__DATA EXCERPTS__

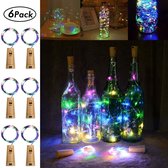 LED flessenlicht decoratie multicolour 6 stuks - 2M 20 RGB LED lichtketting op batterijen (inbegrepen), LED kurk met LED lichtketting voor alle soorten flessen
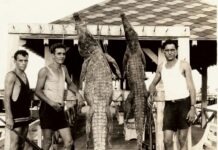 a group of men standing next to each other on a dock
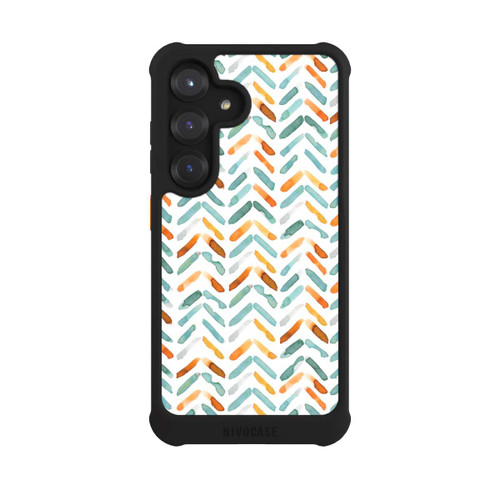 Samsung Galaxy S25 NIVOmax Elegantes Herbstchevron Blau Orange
...
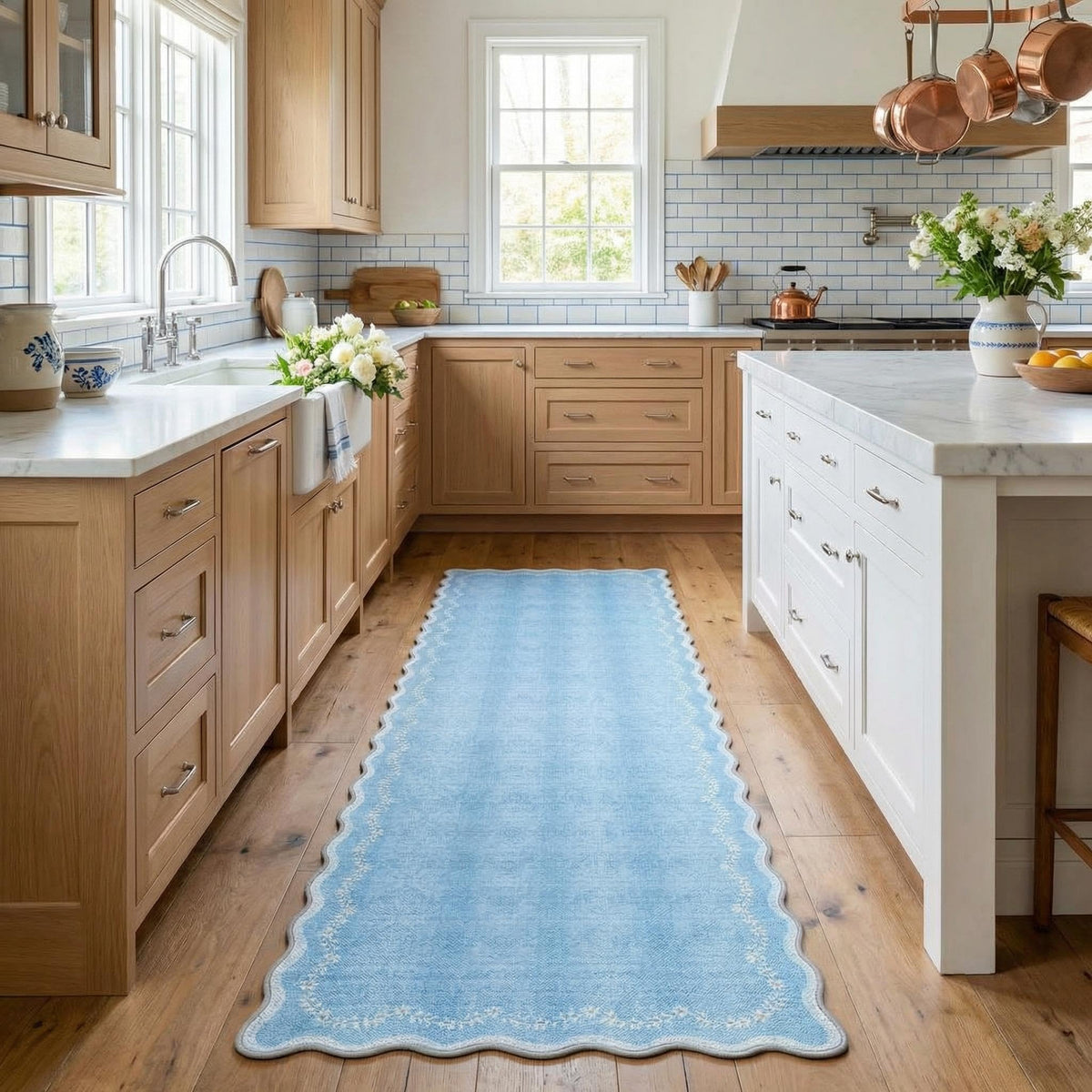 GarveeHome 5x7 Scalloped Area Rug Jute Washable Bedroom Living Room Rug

__EXERCISE DETAILS__
Using the data above, print only the lines starting at the one with "LED flessenlicht decoratie" and ending at the one with "Samsung Galaxy S25", exactly as they stand, minus the pictures.

__TASK ANSWER__
 LED flessenlicht decoratie multicolour 6 stuks - 2M 20 RGB LED lichtketting op batterijen (inbegrepen), LED kurk met LED lichtketting voor alle soorten flessen
 a group of men standing next to each other on a dock
 Samsung Galaxy S25 NIVOmax Elegantes Herbstchevron Blau Orange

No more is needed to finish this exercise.